P-071 - Single-center experience with first-line S-1 plus cisplatin chemotherapy for locally advanced unresectable and metastatic gastric and gastroesophage...

Date 04 July 2015
Event WorldGI 2015
Session Posters
Topics Cytotoxic agents
Oesophageal Cancer
Gastric Cancer
Biological therapy
Presenter Á. Petrányi
Citation Annals of Oncology (2015) 26 (suppl_4): 1-100. 10.1093/annonc/mdv233
Authors Á. Petrányi1, M. Farkas1, É. Végh1, G. Lakatos1, G. Demeter1, G. Bodoky2
  • 1St. Istvan and St. Laszlo Hospital of Budapest, Budapest/HU
  • 2St László Teaching Hospital, Budapest/HU



S-1 is an oral fluoropyrimidine that contains the active substances tegafur, gimeracil, and oteracil. This combination was optimized to reduce the toxicity of 5-fluorouracil (5-FU) therapy. Tegafur is a prodrug of 5-FU, gimeracil decreases the metabolism of 5-FU in the body, and oteracil inhibits phosphorylation of intestinal 5-FU which= is thought to be responsible for treatment-related diarrhea. Phase III studies among advanced and metastatic gastric and gastroesophageal cancer patients demonstrated equivalence between infusional 5-FU, capecitabine, and S-1. A Phase III global study demonstrated non-significant differences in efficacy between S-1/cisplatin and 5-FU/cisplatin, with lower toxicity in the S-1/cisplatin group.

The objective of this retrospective review was to compare the tolerability and toxicity of S-1/cisplatin therapy to capecitabine/cisplatin (CX) when administered as first-line therapy to patients with locally advanced, unresectable, metastatic gastric and gastroesophageal junction adenocarcinoma.

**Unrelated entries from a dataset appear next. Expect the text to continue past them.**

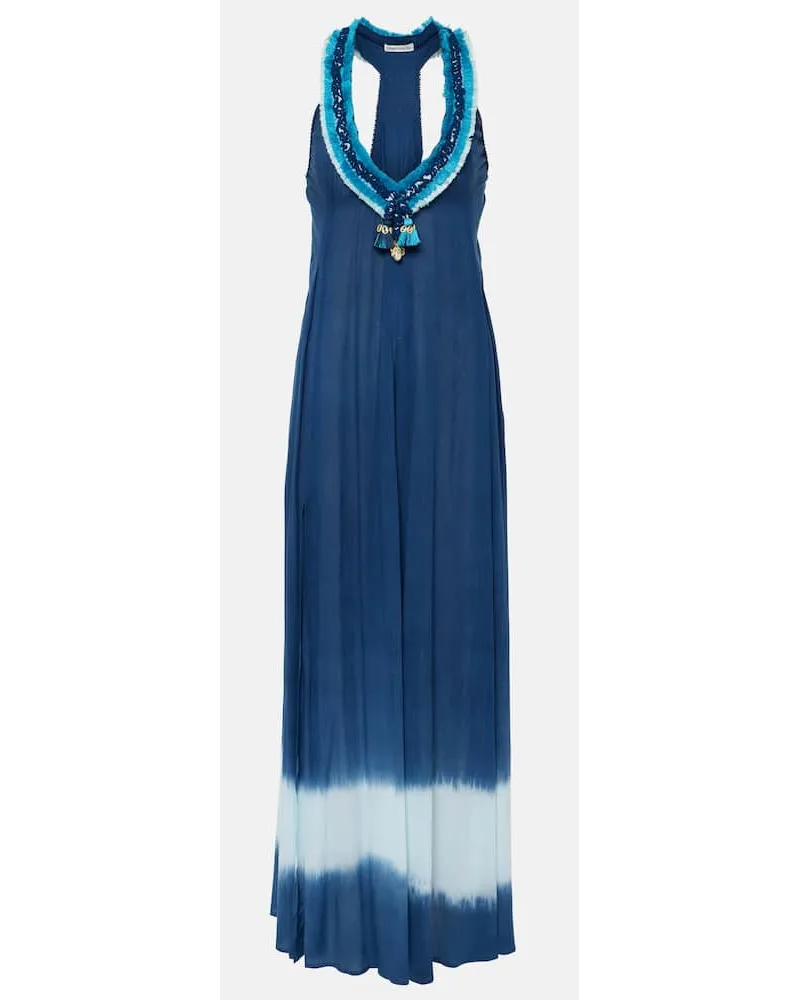 Poupette St Barth Abito lungo Nava con stampa floreale Blu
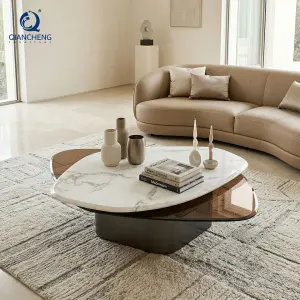 New Home Living Furniture Decor Rotating End Table Hotel Special-shaped Stainless Steel Marble Glass Coffee Table of the Room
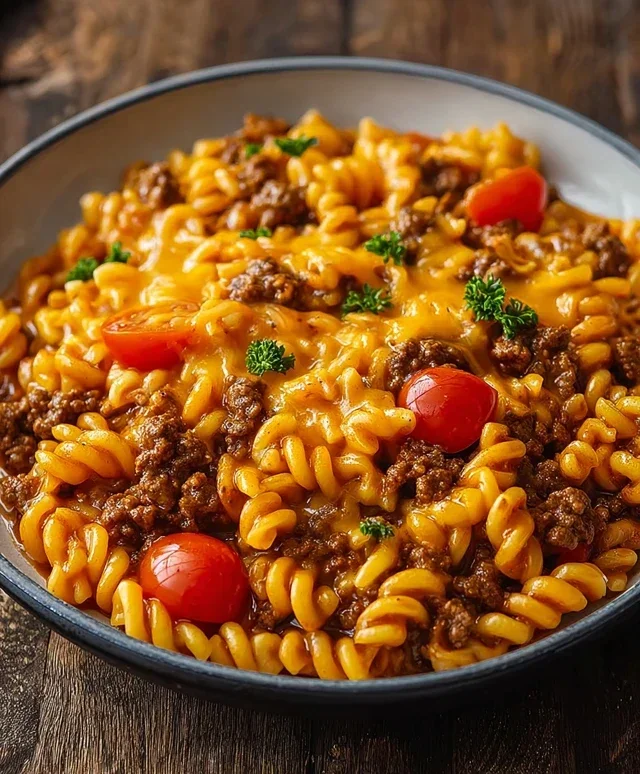 Cheesy Beef Taco Pasta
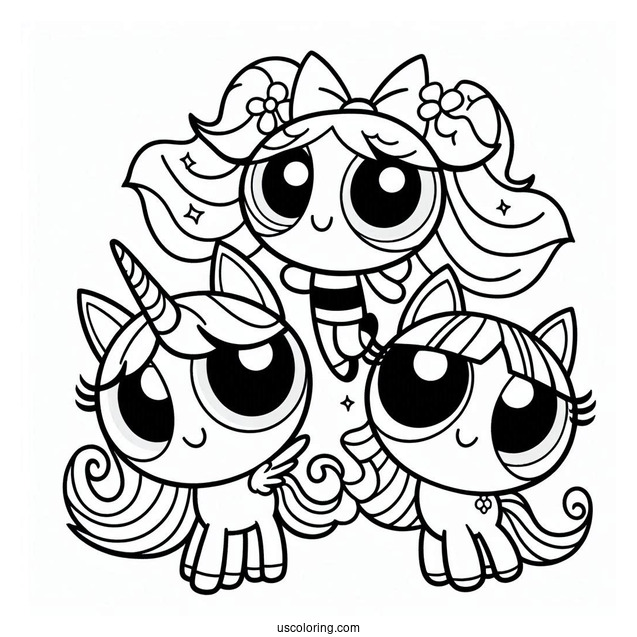 Unicorn And Powerpuff Girls Coloring Page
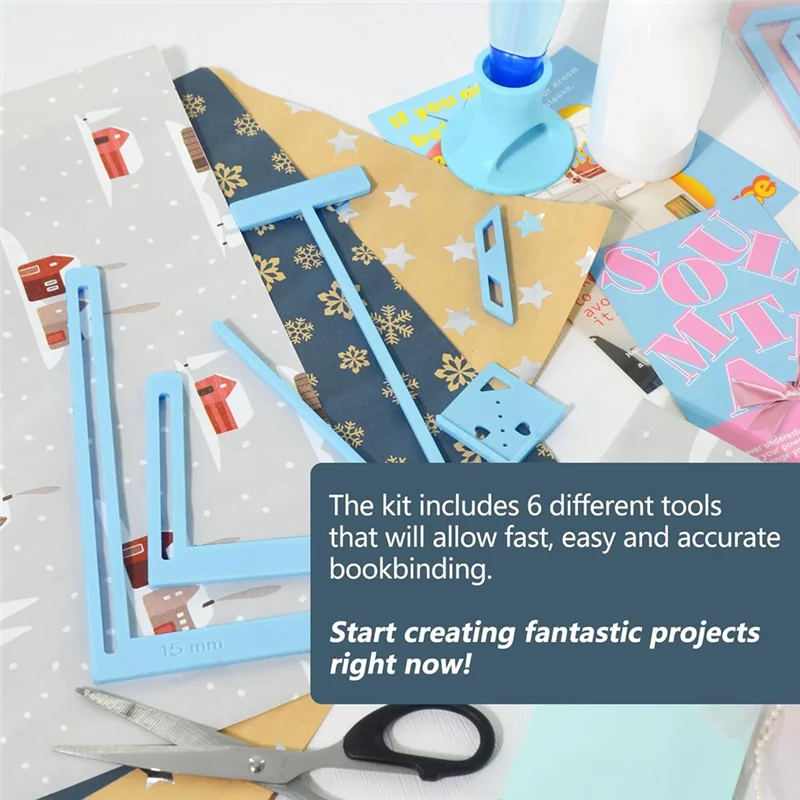 أداة سكرابوكينغ A98E لتجليد الكتب 6 قطع سهلة الاستخدام مجموعة دليل القاطع للمبتدئين، يمكن صنع استنسل رائع في دفتر الملاحظات B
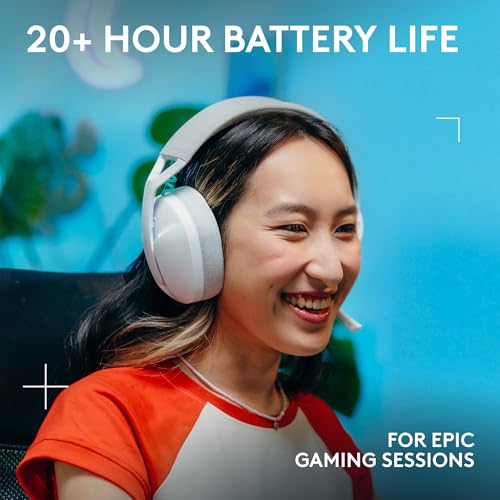 Logitech G321 Lightspeed Wireless Gaming Headset - White | Dynamic Comfort and fit, 16 kHz Boom mic, 20+ hrs Battery, for PC - color: White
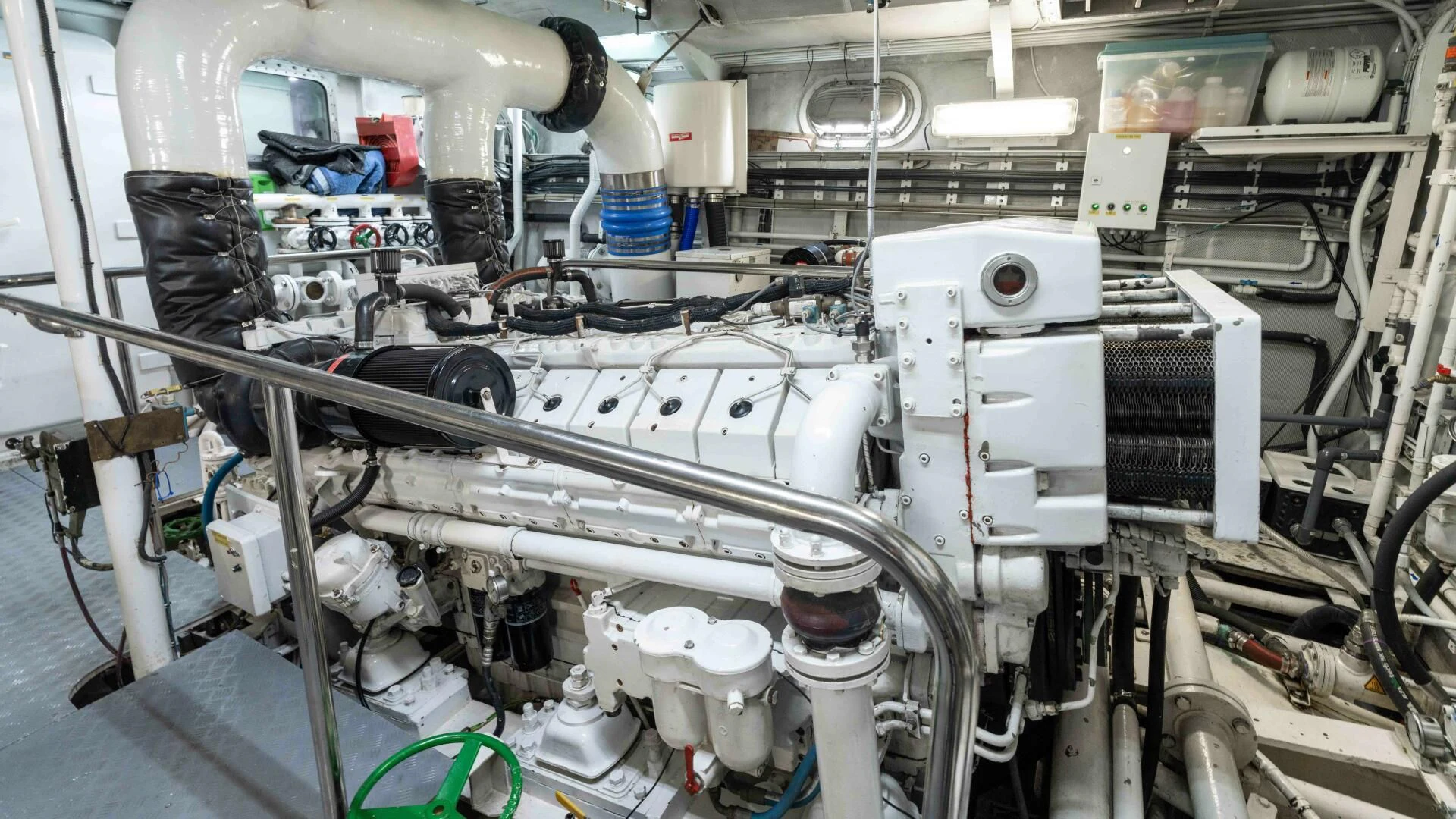 a machine in a room aboard SEA AXIS Yacht for Charter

In March 2011, S-1 was approved for use in advanced gastric cancer in combination with cisplatin and became available in September 2011 in Hungary for reimbursed chemotherapy. From September 2013 through September 2014, 41 patients (19 female, mean age, 69.2 years; 22 male, mean age, 67.1 years) were treated with S-1 plus cisplatin at our oncology center. Data for these patients were reviewed and compared to those from a similar patient group treated with CX during a previous one-year period at our center.

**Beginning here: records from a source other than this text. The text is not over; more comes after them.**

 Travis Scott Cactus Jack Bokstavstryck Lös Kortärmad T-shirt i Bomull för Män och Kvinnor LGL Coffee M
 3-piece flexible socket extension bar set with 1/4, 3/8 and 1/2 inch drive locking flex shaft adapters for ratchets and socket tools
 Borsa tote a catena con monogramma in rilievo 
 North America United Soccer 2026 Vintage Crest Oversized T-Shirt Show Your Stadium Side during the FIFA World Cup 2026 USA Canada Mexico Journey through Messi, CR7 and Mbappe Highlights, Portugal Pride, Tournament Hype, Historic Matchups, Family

S-1 plus cisplatin treatment was well tolerated. Nausea/vomiting was observed in 30 patients (73%, Gr 3/4: 12%), fatigue in 25 (61%), abdominal discomfort in 15 (37%), loss of appetite in 16 (39%), abdominal pain in 15 (37%), and diarrhea in 2 (5%) patients. Dry skin developed in 8 patients (19.5%), stomatitis/mucositis in 3 (7%), and hyperpigmentation in 2 (5%) patients. Grade 3/4 neutropenia, thrombocytopenia, or febrile neutropenia were not observed in any patients. We did not detect hand-foot syndrome in any patients. Dose reduction was needed in 4 cases (10%). Treatment was terminated due to side effects in 5 patients (12%).

Prior to initiating S-1/cisplatin treatment regimens in our department, patients with advanced or metastatic gastric carcinoma received CX as first-line treatment. Analysis of previous data for 51 patients treated with the CX regimen showed that dose modification had been necessary in 13 patients (25%) and treatment was terminated as a result of toxicity in 50%. Hand-foot syndrome occurred in 20 patients (39%), 72% complained of fatigue, and 36% reported abdominal discomfort or spasm. There were no significant differences between the two groups for other side effects.

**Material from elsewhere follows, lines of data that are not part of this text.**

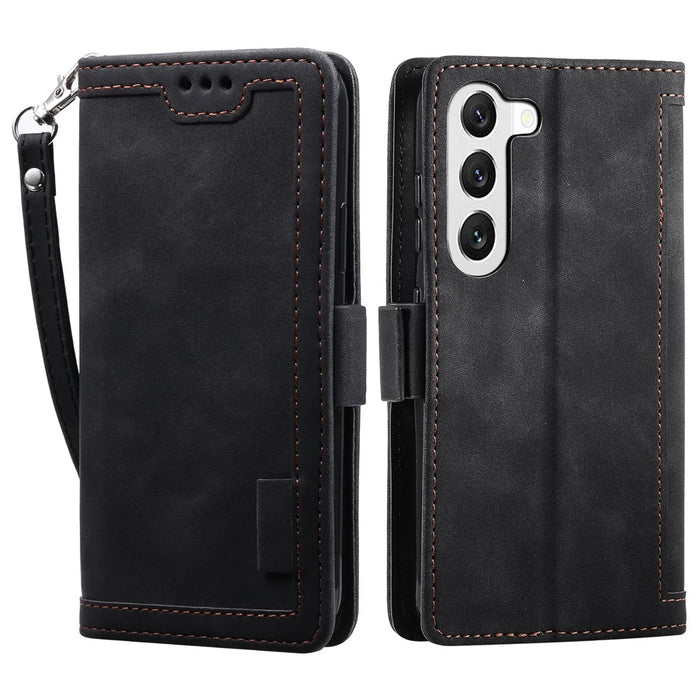 For Samsung Galaxy S23+ Retro Splicing Style Phone Case PU Leather Wallet Stand Drop-proof Cover with Strap - Black - 1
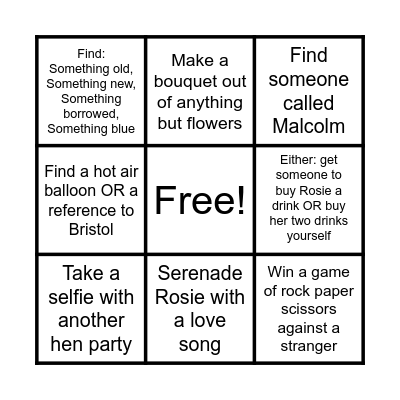 Rosie’s Hen Party! Bingo Card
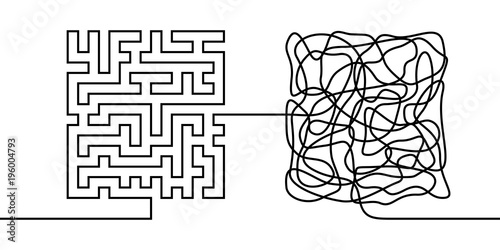 Fotografía Continuous line drawing a chaos and order concept, chaos theory metaphor minimal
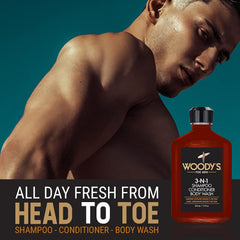 Woody's daily-use bottle provides gentle cleansing for hair and skin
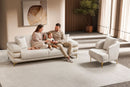 Odessa Modern Luxury Velvet Sofa Set Cream Gold - Quality Rugs and Furniture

S-1/cisplatin treatment was better tolerated than capecitabine/cisplatin in a similar patient group. S-1 treatment resulted in fewer side effects and there were fewer dose reductions and toxicity-related treatment terminations. Due to this satisfactory outcome, we recommend S-1/cisplatin as first-line treatment for HER2-negative, locally advanced, unresectable, metastatic gastric and gastroesophageal junction adenocarcinoma.